*** Opening of Given entries ***
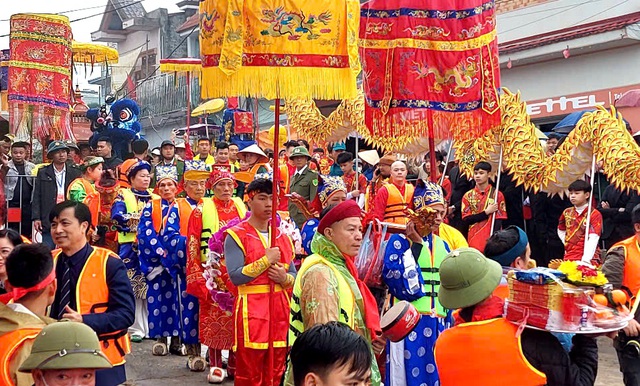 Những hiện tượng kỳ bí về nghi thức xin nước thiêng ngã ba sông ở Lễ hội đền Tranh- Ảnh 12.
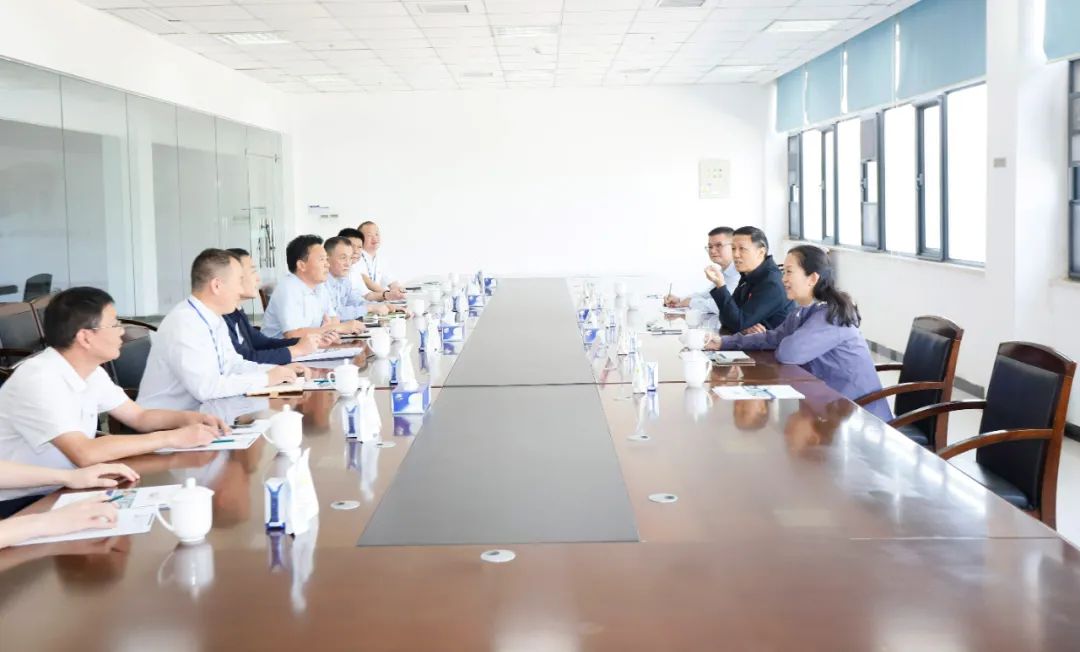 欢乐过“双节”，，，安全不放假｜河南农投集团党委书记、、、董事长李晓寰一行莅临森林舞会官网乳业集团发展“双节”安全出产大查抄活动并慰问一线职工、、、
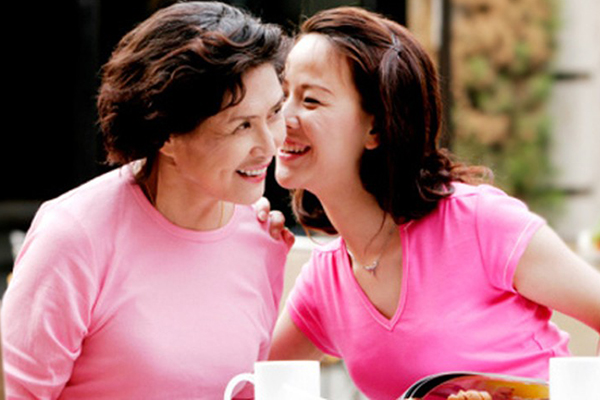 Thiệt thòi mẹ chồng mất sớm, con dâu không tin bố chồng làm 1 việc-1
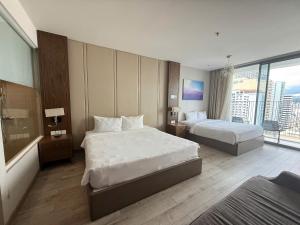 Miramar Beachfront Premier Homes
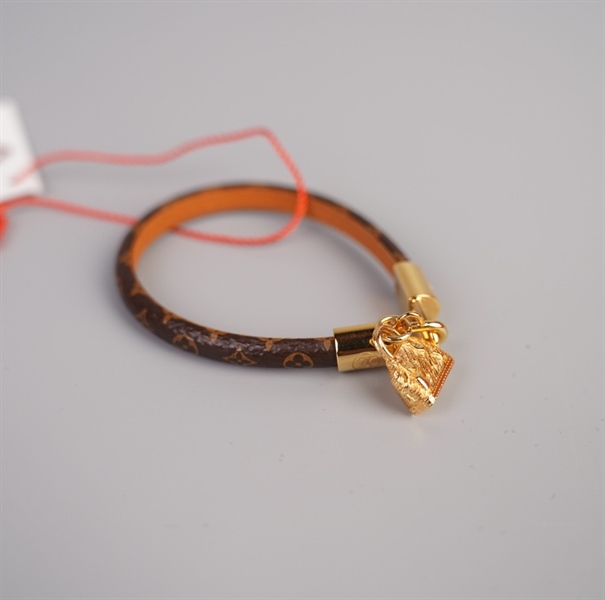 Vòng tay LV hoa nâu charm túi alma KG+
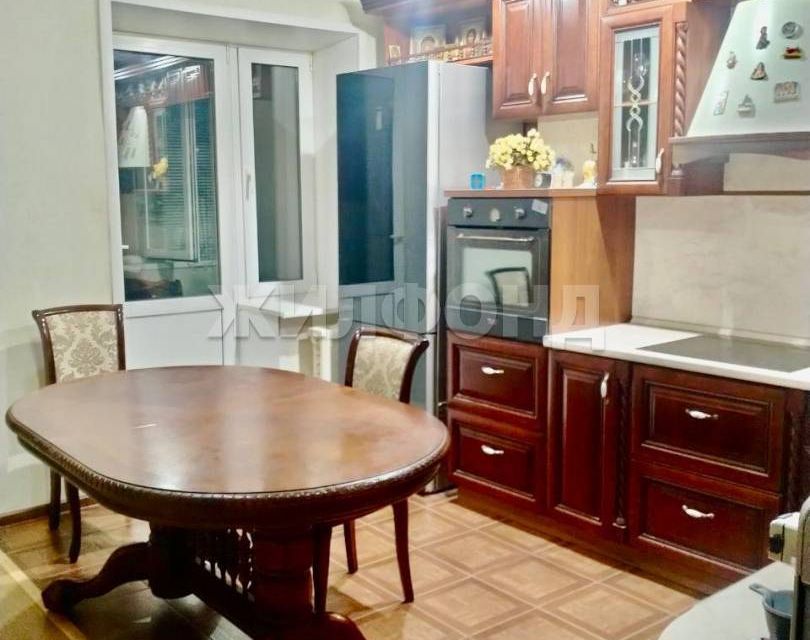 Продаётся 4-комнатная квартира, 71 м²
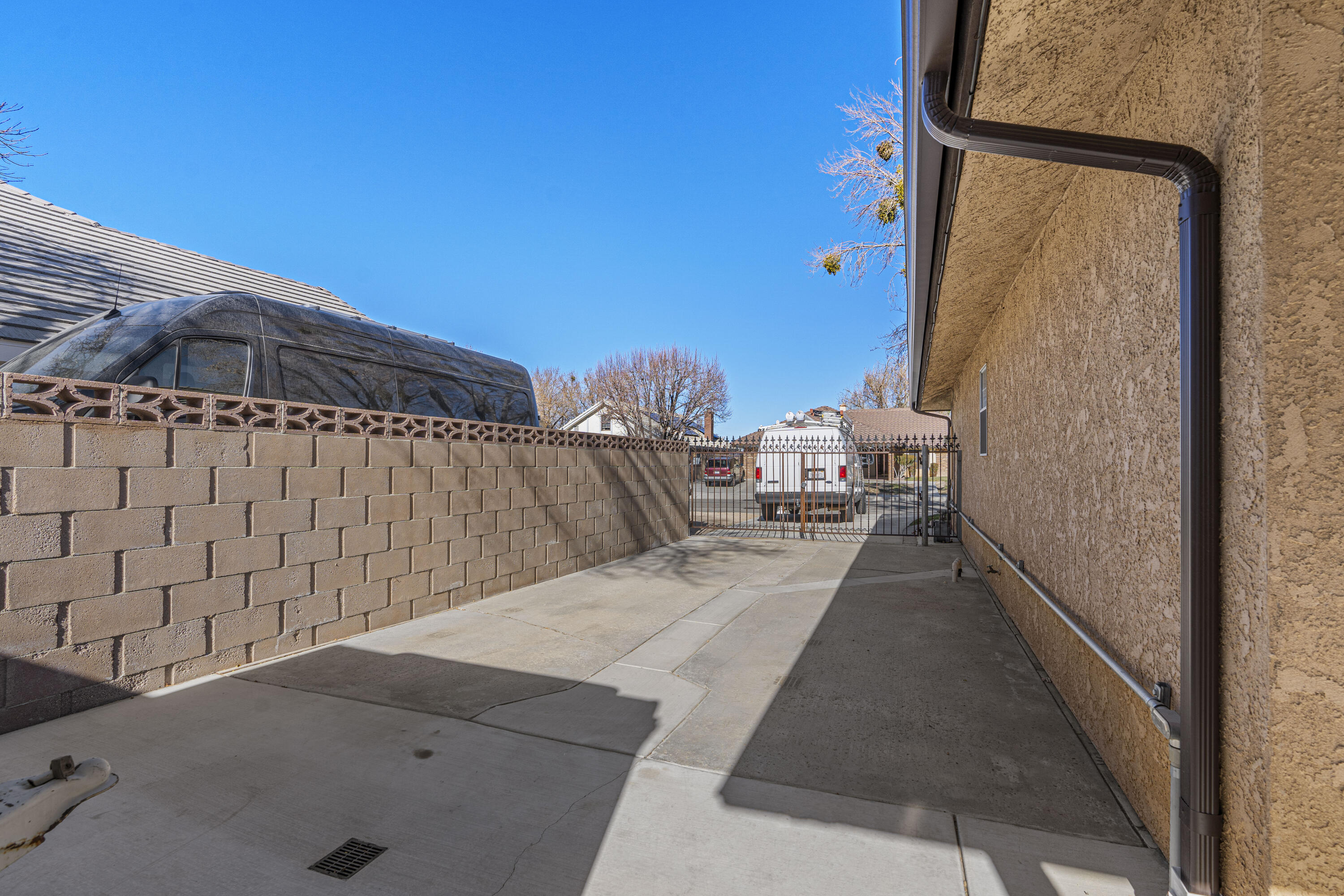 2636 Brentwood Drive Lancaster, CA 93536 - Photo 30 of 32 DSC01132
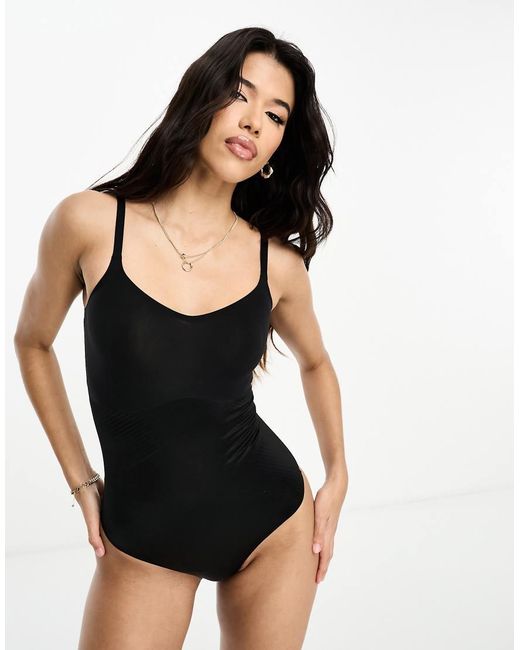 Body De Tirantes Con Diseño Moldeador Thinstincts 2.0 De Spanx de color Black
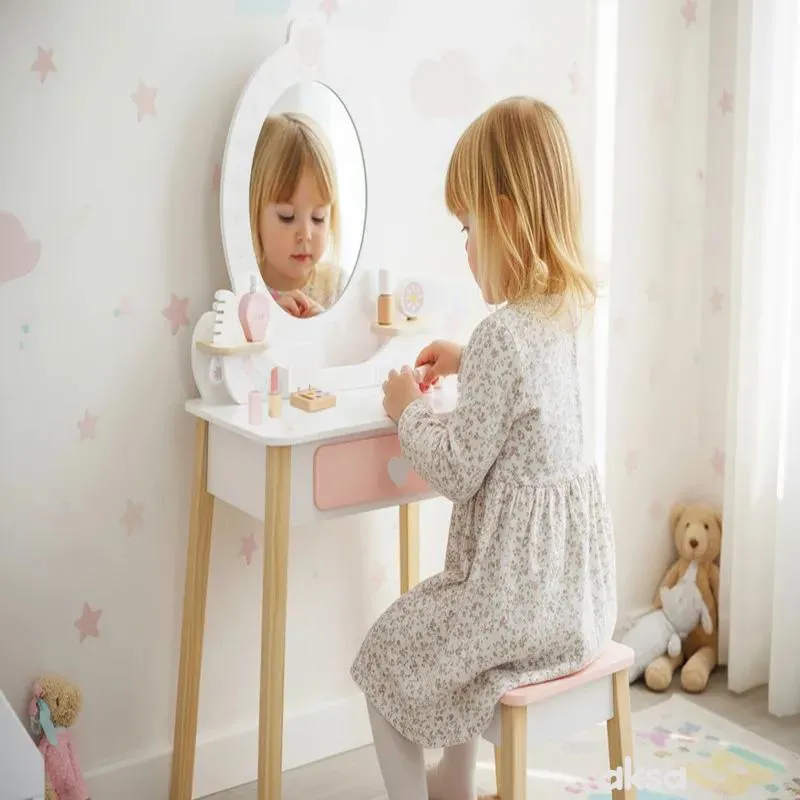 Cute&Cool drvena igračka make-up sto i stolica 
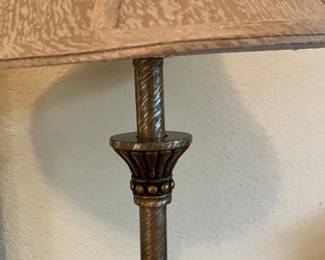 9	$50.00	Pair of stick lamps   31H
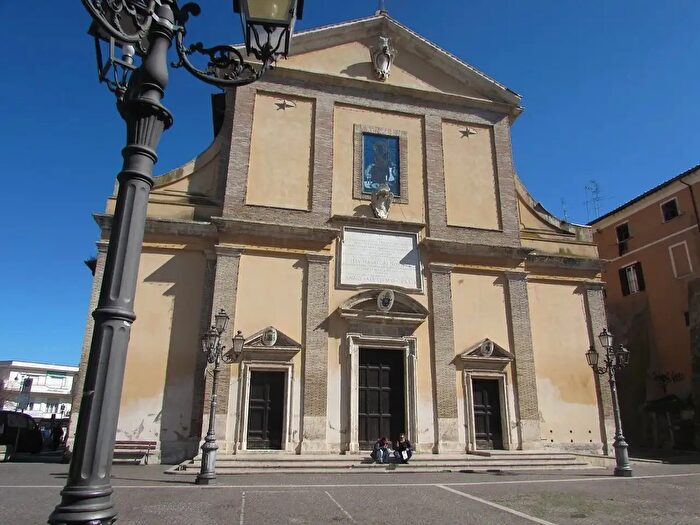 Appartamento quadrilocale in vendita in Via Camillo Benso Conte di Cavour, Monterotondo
*** Close of Given entries ***
● **Required action**
The answer should consist of all the records, duplicated exactly, with no images included.

● **Solution for this task**
 Những hiện tượng kỳ bí về nghi thức xin nước thiêng ngã ba sông ở Lễ hội đền Tranh- Ảnh 12.
 欢乐过“双节”，，，安全不放假｜河南农投集团党委书记、、、董事长李晓寰一行莅临森林舞会官网乳业集团发展“双节”安全出产大查抄活动并慰问一线职工、、、
 Thiệt thòi mẹ chồng mất sớm, con dâu không tin bố chồng làm 1 việc-1
 Miramar Beachfront Premier Homes
 Vòng tay LV hoa nâu charm túi alma KG+
 Продаётся 4-комнатная квартира, 71 м²
 2636 Brentwood Drive Lancaster, CA 93536 - Photo 30 of 32 DSC01132
 Body De Tirantes Con Diseño Moldeador Thinstincts 2.0 De Spanx de color Black
 Cute&Cool drvena igračka make-up sto i stolica 
 9	$50.00	Pair of stick lamps   31H
 Appartamento quadrilocale in vendita in Via Camillo Benso Conte di Cavour, Monterotondo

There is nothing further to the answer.